Investors fled shares of EV startups Lucid, Lordstown, Nikola and Fisker after the EV startups reported worse-than-expected Q1 results and walked back production forecasts for the year.
Lucid told investors after missing Q1 revenue forecasts that it has enough cash to last to the second quarter of next year – not a bullish outlook. Saudi Arabia’s sovereign wealth fund, Lucid’s main shareholder, will be the decider as to Lucid’s future.
Fisker also cut its production output, blaming supply chain bottlenecks. The company had $652 million in cash as of March 31 after burning $79 million during the first quarter. (Fisker is not building its own factories, which helps.)
Lordstown and Nikola are in deeper trouble.
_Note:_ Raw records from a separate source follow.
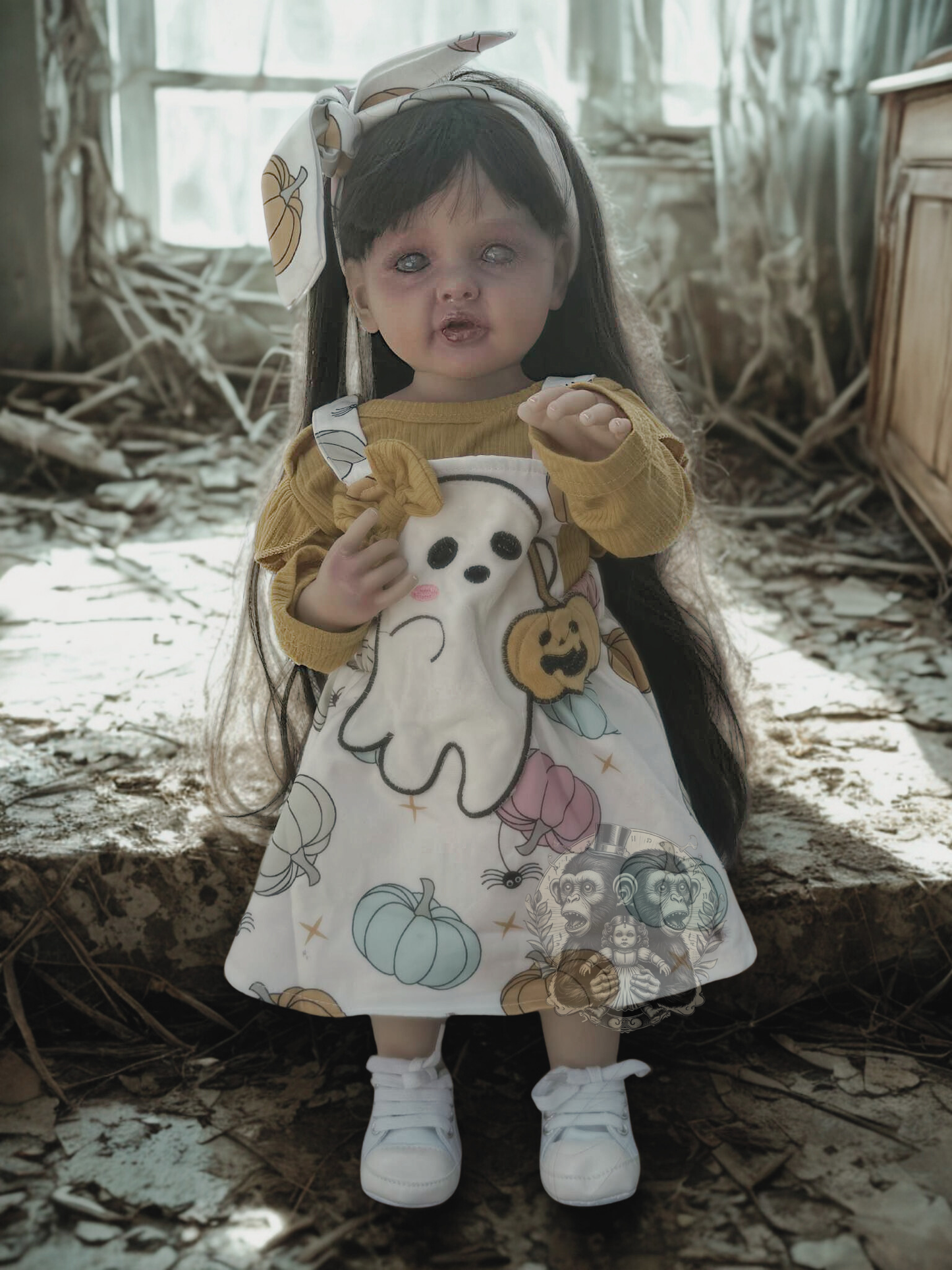 Lila Mae — The Undying Child OOAK Zombie Horror Doll Disturbing Oddity Scary Creepy Gift Idea Halloween Undead Reborn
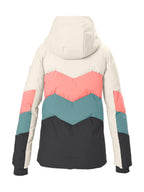 Girl's Quilted ski jacket KSW 195 GRLS SKI JCKT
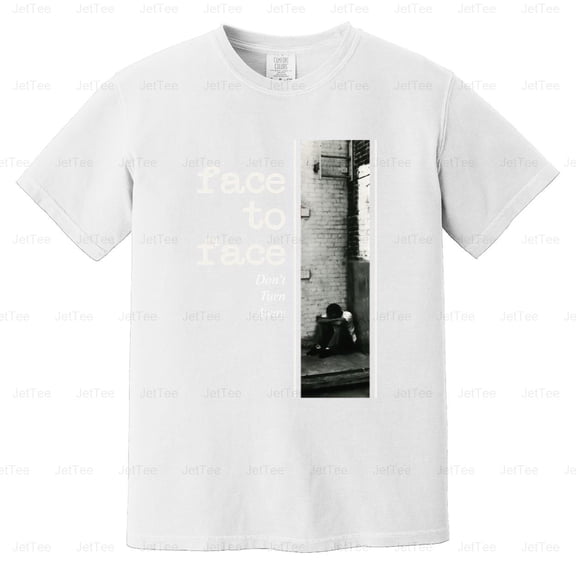 Face To Face Don't Turn Away Melodic Hardcore Punk Rock SoCal Comfort Color T-Shirt Unisex, up to 4XL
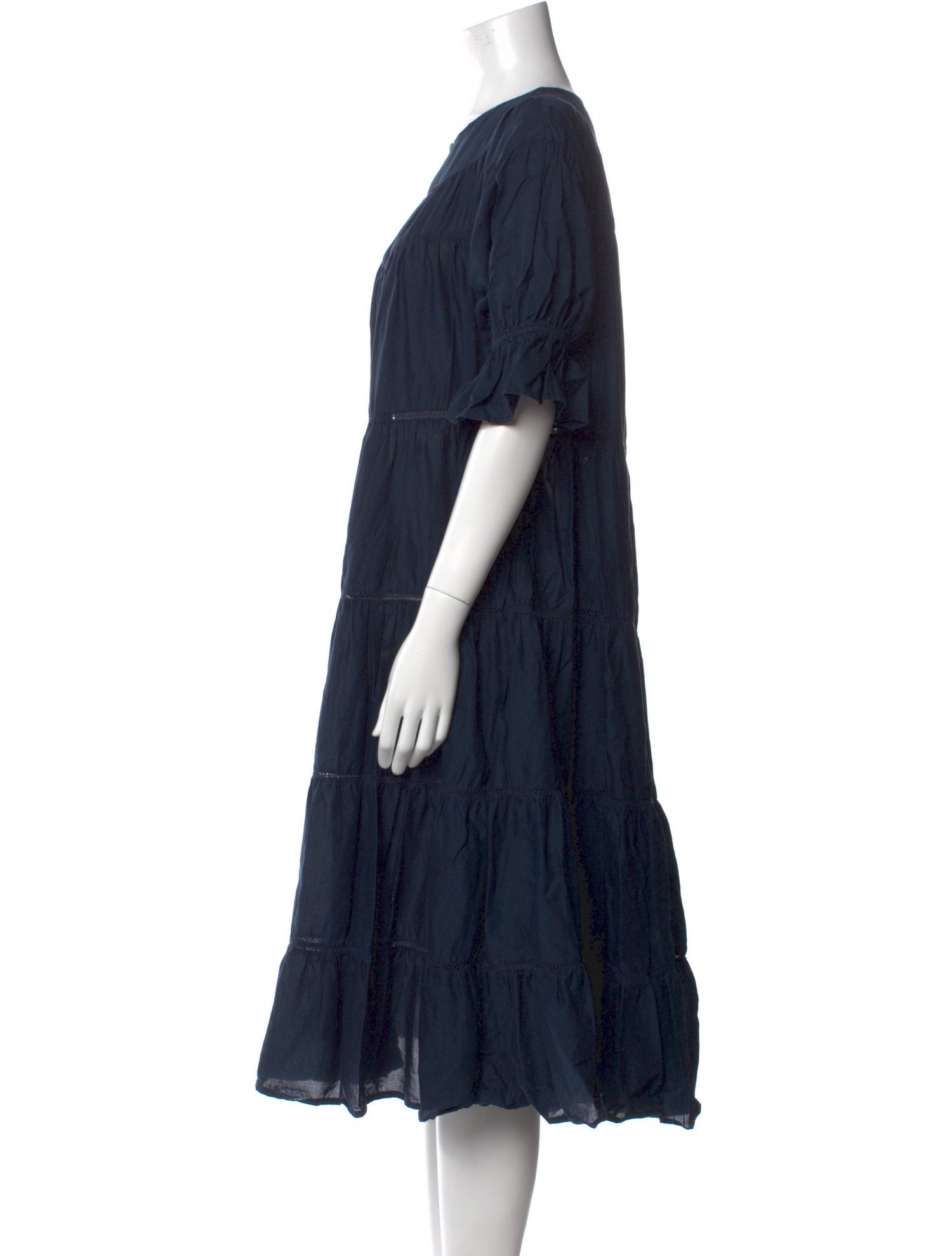 Merlette Scoop Neck Midi Length Dress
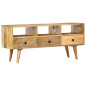 Meuble TV 110x36x50 cm Bois massif de manguier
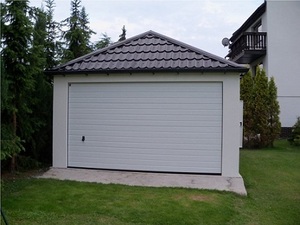 Montovaná garáž s omítkou - celá CR
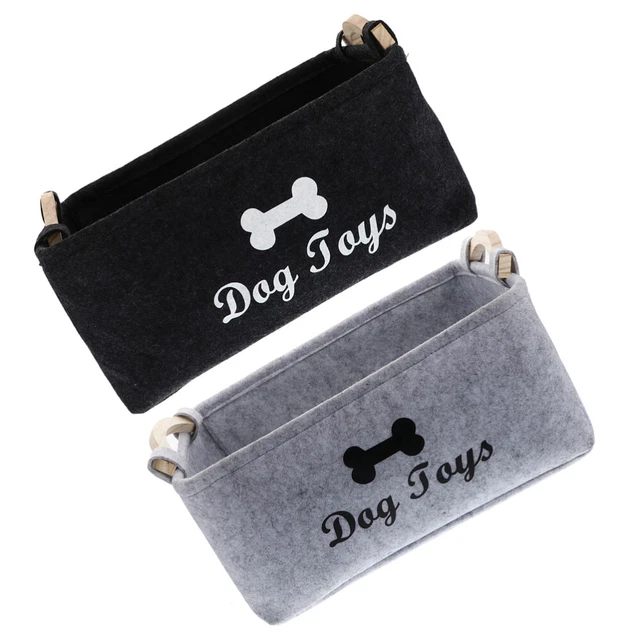 2 Pz Pet Toy Box Storage Organizzatore Pet Dog Toy Basket Basket Dog Toy Box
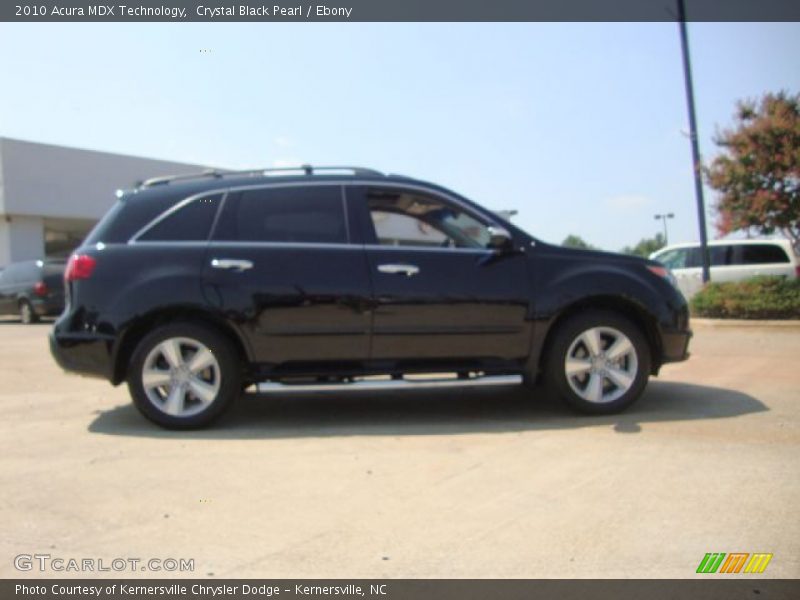 Crystal Black Pearl / Ebony 2010 Acura MDX Technology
Lordstown has warned it could seek bankruptcy protection and said it could stop building its electric pickups.
Struggling clean truck maker Nikola said it will temporarily stop building trucks, raised cash by selling its share of a joint venture with IVECO and said its recently acquired battery unit, Romeo Power, might have to be put through a bankruptcy restructuring.
Rivian stood out from the crowd by reaffirming its goal to build 50,000 electric delivery vans and adventure trucks this year and reporting better than expected revenue.
Still, Rivian lost $1.35 billion in the quarter, and its plan for the year is to lose $4.3 billion before taxes – or roughly $86,000 per vehicle if it hits the production target. That looks healthy compared to Lucid, which lost nearly $458,000 on average on each of the 1,406 cars it delivered during the first quarter.
Faraday Future raised $100 million through a debt sale, giving itself a few more feet of runway.
Here’s another way to look at the parlous state of the EV startup flock:
Tesla this week said it is now building 5,000 Model Y EVs a week at its factory in Austin, Texas. That means Tesla Texas will build more vehicles in two weeks than Lucid expects to assemble for the entire year.
Morgan Stanley estimated in a note Tuesday that Tesla could harvest nearly $47 billion through 2030 from electric vehicle production subsidies available through the U.S. Inflation Reduction Act.
Morgan Stanley focused on how much more that would be than legacy automakers GM and Ford will get. There’s even less available for EV startups producing at a fraction of Tesla’s scale.